You are viewing a plain text version of this content. The canonical link for it is here.
Posted to dev@nutch.apache.org by lewis john mcgibbney <le...@apache.org> on 2021/01/24 21:37:46 UTC

CVE-2021-23901: An XML external entity (XXE) injection vulnerability exists in the Nutch DmozParser

Description:

An XML external entity (XXE) injection vulnerability was discovered in the
Nutch DmozParser and is known to affect Nutch versions < 1.18. XML external
entity injection (also known as XXE) is a web security vulnerability that
allows an attacker to interfere with an application's processing of XML
data. It often allows an attacker to view files on the application server
filesystem, and to interact with any back-end or external systems that the
application itself can access.


This issue is being tracked as NUTCH-2841

Credit:

The Apache Nutch Project Management Committee would like to thank Martin
Heyden for reporting this issue to the Apache Security Team. We are
indebted.



--
http://home.apache.org/~lewismc/
http://people.apache.org/keys/committer/lewismc

Re: CVE-2021-23901: An XML external entity (XXE) injection vulnerability exists in the Nutch DmozParser

Posted by Sebastian Nagel <wa...@googlemail.com>.
 > Do we still need the DMOZ parser?

DMOZ is now offline since 3 years [1] and none of the projects claiming to be successors [2,3]
provides the RDF dumps required as input for the DMOZ parser.

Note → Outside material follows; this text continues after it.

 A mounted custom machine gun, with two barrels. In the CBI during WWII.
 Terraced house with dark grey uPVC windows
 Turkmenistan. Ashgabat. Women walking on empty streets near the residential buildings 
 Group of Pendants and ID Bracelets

It soon will become a legacy tool and we might think whether it's better to remove it.

I remember that 4 years ago I've used DMOZ to seed a crawl of news sites from all over the world.
The coverage of DMOZ was definitely good at this time. But it's clear: it will degrade. And it's
not easy to find a copy of the dumps.

Sebastian

[1] https://en.wikipedia.org/wiki/DMOZ
[2] https://curlie.org/docs/en/rdf.html
[3] http://dmoztools.net/docs/en/rdf.html

On 1/25/21 12:04 PM, BlackIce wrote:
> Do we still need the DMOZ parser?
> 
> On Sun, Jan 24, 2021 at 10:38 PM lewis john mcgibbney
> <le...@apache.org> wrote:
>>
>> Description:
>>
>> An XML external entity (XXE) injection vulnerability was discovered in the Nutch DmozParser and is known to affect Nutch versions < 1.18. XML external entity injection (also known as XXE) is a web security vulnerability that allows an attacker to interfere with an application's processing of XML data. It often allows an attacker to view files on the application server filesystem, and to interact with any back-end or external systems that the application itself can access.
>>
>>
>> This issue is being tracked as NUTCH-2841
>>
>> Credit:
>>
>> The Apache Nutch Project Management Committee would like to thank Martin Heyden for reporting this issue to the Apache Security Team. We are indebted.
>>
>>
>>
>> --
>> http://home.apache.org/~lewismc/
>> http://people.apache.org/keys/committer/lewismc


Re: CVE-2021-23901: An XML external entity (XXE) injection vulnerability exists in the Nutch DmozParser

Posted by BlackIce <bl...@gmail.com>.
Do we still need the DMOZ parser?

On Sun, Jan 24, 2021 at 10:38 PM lewis john mcgibbney
<le...@apache.org> wrote:
>
> Description:
>
> An XML external entity (XXE) injection vulnerability was discovered in the Nutch DmozParser and is known to affect Nutch versions < 1.18. XML external entity injection (also known as XXE) is a web security vulnerability that allows an attacker to interfere with an application's processing of XML data. It often allows an attacker to view files on the application server filesystem, and to interact with any back-end or external systems that the application itself can access.
>
>
> This issue is being tracked as NUTCH-2841
>
> Credit:
>
> The Apache Nutch Project Management Committee would like to thank Martin Heyden for reporting this issue to the Apache Security Team. We are indebted.
>
>
>
> --
> http://home.apache.org/~lewismc/
> http://people.apache.org/keys/committer/lewismc